The Labor Commissioner’s Office has struggled for years to address wage claims in a timely manner. Wage theft — the failure of employers to pay the minimum wage, pay overtime premiums, or provide meal and rest breaks — primarily affects low-wage workers, who are often immigrants or people of color, studies show.
Each worker’s claims by law are supposed to be heard in 120 days and decided 15 days after that. But CalMatters, in its series, uncovered that between 2017 and 2021, the state averaged 505 days.
After that, back pay can take years to recover, and many who win their claims are never paid. The backlog was exacerbated last year, when new wage theft claims hit a record 38,000 and wait times climbed past 800 days (PDF).
“What is it going to take to get to 120 days? Is it additional measures to compel employers to participate, and if that’s the case, in which ways?” asked Assemblymember David Alvarez, a Democrat from Chula Vista who chairs the legislative audit committee.

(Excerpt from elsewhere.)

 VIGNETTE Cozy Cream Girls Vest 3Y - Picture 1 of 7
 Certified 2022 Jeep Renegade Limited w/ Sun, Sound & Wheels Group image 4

“I am willing to give an opportunity for those questions to be answered,” he said. “But I’d like to see detailed answers, not just, ‘We’re going to do better when we hire more people.’”
Alvarez held out the possibility that the committee could rescind their audit request before September if budget hearings satisfactorily address the issues the audit would target. The Labor Commissioner’s Office is seeking $12 million in the next fiscal year to hire 43 additional employees with the goal of reducing the time to hear a claim to 200 days.

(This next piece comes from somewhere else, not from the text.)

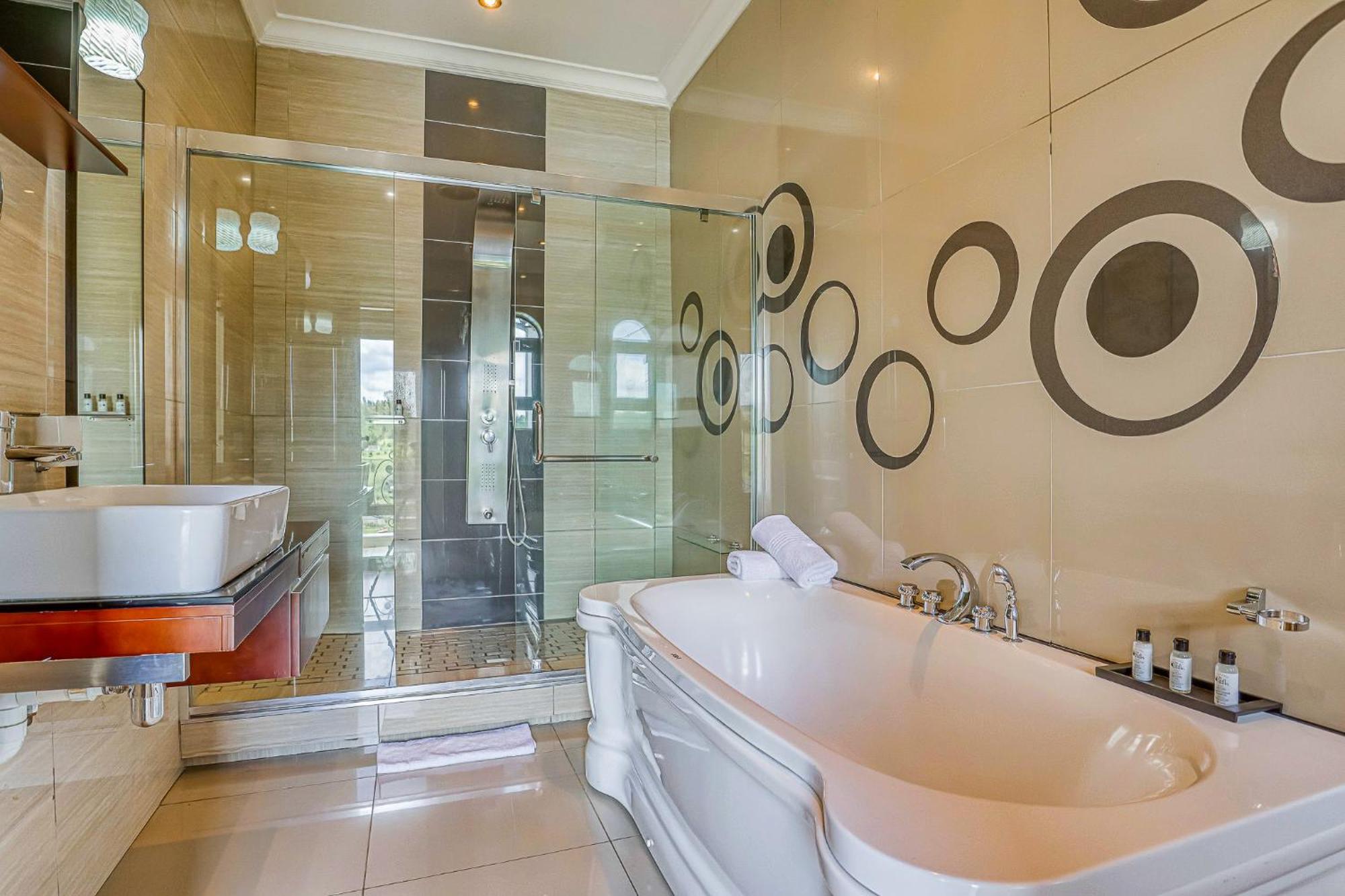 Tasha Luxury Suites, Lanseria Nhà khách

The audit came at the request of state Sen. Steve Glazer, a Walnut Creek Democrat, who agreed to the compromise to delay the audit until Sept. 1. The audit request put Glazer, a moderate Democrat, at odds with labor groups and workers’ advocates.
The California Labor Federation and several unions and worker centers wrote earlier in March that an audit would divert time and attention from an already understaffed agency.